Click on each small photo for larger image.

Mary Cole recently found a pen commemorating the 40,000th PDP-8, and Dave Ahl added the commentary below:

Actually 40,000 PDP-8s is much more than you might think. Typically, early straight 8 configurations cost about $30,000 or so whereas bare-bones 8/e configurations cost about $10,000, so say an average of $15,000 for a PDP-8 over time. That means that 40,000 machines would have brought in revenue of about $600,000,000 ($600 million), which is a very significant chunk of DEC's total revenue from 1965 to 1975 (peak years for the PDP-8). Heck, total revenue of DEC in 1967 was only $4.5 million, and that was for everything. But if you want the total number, all you have to do is got to the Encyclopedia of Computer Science or Encyclopedia.com on line to find that the total production of PDP-8s was approx 50,000 machines over its 15-year life span.
Dave Ahl, www.swapmeetdave.com
 

Thanks to Mel and Nancy Woolsey for contributing their collection of over 50 pix of promotional mugs and buttons.  Here is their gallery - please send in yours! 

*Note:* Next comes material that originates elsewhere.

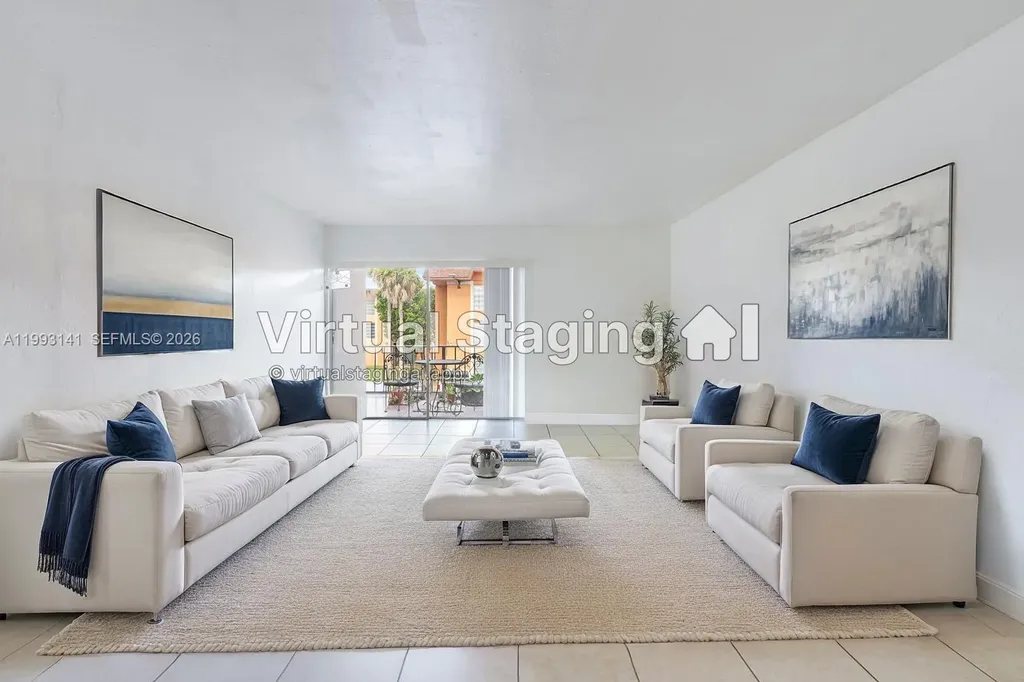 9423 SW 76th Street Miami FL 33173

Bob Moore sent in these two items: an ALL-IN-1 portfolio and a really handsome belt buckle of the clock tower:

"I got the belt buckle when I had been at DEC 5 years. I think I got some piece of paper congratulating me on the achievement. That was 26 years ago. Still wear that buckle when we square dance and to any DECconnection social fun time event, i.e., NH wine tasting. The blue ALL-IN-1 nylon bag was a promotion item that I have had forever. Memories of ALL-IN-1 are another fun trip when I get together with others who were there. A non-engineered product that did well for Digital a lot of places including the office of our president. The bag was roughly 11x16x4". I still bring to our Board meetings with essential stuff I feel I might need."

        

Peg Masjoan is the model for this LA50 brochure.  Peg worked in Logistics in the Components Group at the time: It was taken around 1983 or 84 by Charlie Schramek of Terminals Marketing. He approached me and asked if I'd like to be in a photo shoot he was doing for a brochure for Select (word processing) and Multiplan (spreadsheet) to promote the programs for the Rainbow. The Rainbow they used in the shoot was a prototype - but the LA50 was a production model and was prominently displayed. I didn't realize until about 6 months later when I went to another building to visit former co-workers that the picture was used for the LA50 brochure! I happily autographed a few of the brochures for my friends!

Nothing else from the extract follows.